Hi 55 / Lo 36
|Volume 69, Issue 89,
Thursday, February 12, 2004
Matt Dulin Barrett Goldsmith Zach Lee
The secret's out. The clothes are off. And it's all over the news.
When the president of an adult entertainment company said students at UH and Rice University had hired topless dancers to perform at parties possibly attended by current or prospective student athletes, a gasp escaped from every newsroom in the city.
"That's a story," they said, some rushing out their camera crews and others hashing out a story from official statements released by UH and Rice.
Their source, Steve Lower, revealed the tip in a story that ran Tuesday in the Rocky Mountain News. Lower's comments came a week after a Boulder County, Colo., district attorney filed a lawsuit against the University of Colorado for using sex to lure recruits. Lower's point was that Colorado is not alone.
"It's a tradition handed down from player to player to player," Lower said, saying that school officials never knew about the parties. According to a Houston Chronicle report, UH Athletics Director Dave Maggard questioned Lower who said he could not verify that student athletes who participated in the parties.
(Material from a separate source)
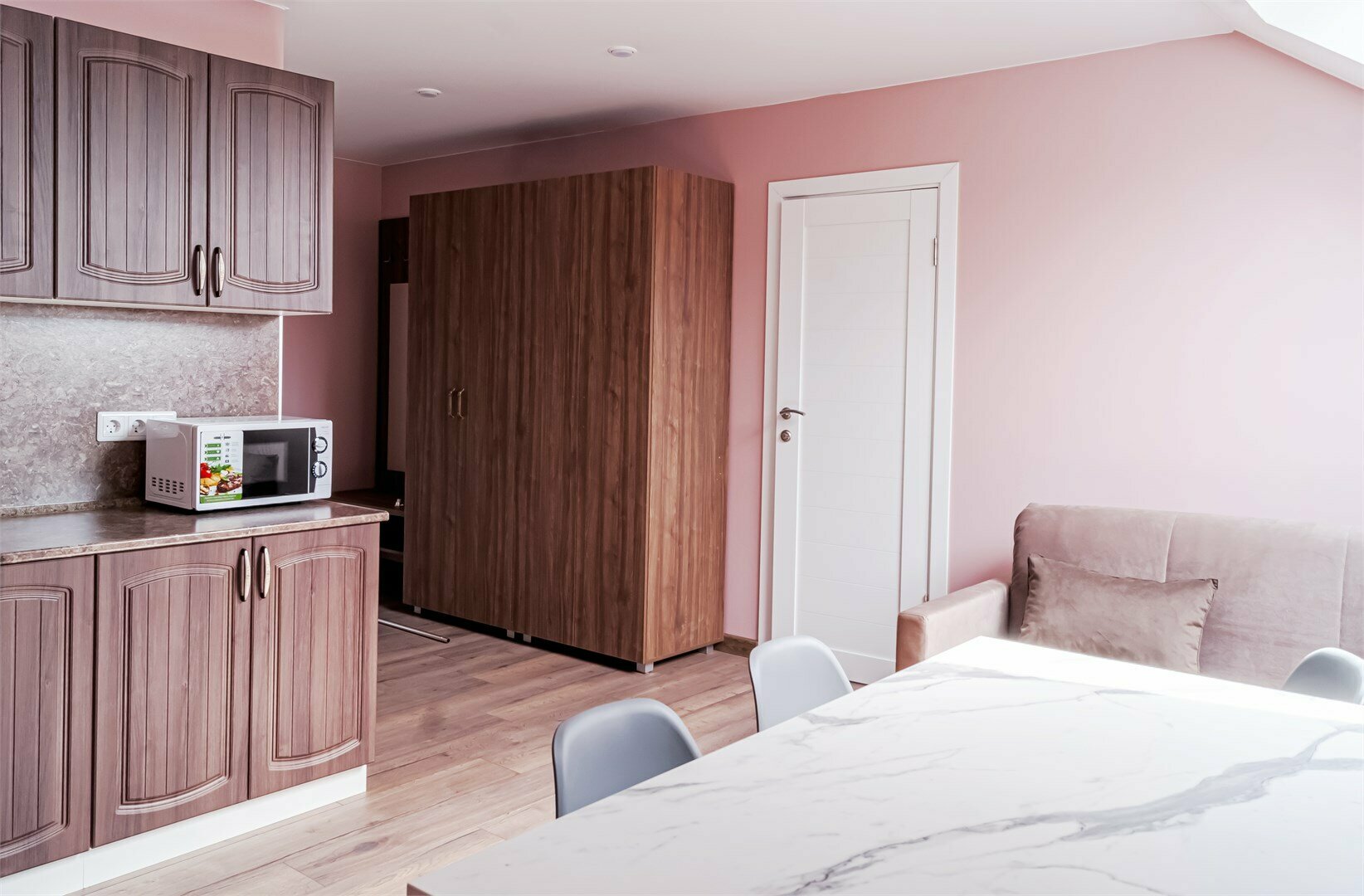 Сьют семейный 4-х местный 2х комнатный (корпус 6)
Not surprisingly, UH and Rice denied knowledge of such parties. Even Lower said that his dancers had been hired by students, but he didn't know whether student athletes were involved.
So what's the story? In short, there really isn't one. Hiring dancers for private use does not violate NCAA rules.
Although we don't condone using strippers to lure student athletes, we aren't going to endorse hyped coverage of what, at this point, remains a non-situation. We've had a number of requests about why the story hasn't appeared in The Daily Cougar, and the answer is simple: Reporting on rumors is not responsible journalism.
What's on our hands now is an expectation
to immaturely report on a story bloated by both local and national media,
and we're not going to until we have all of the facts.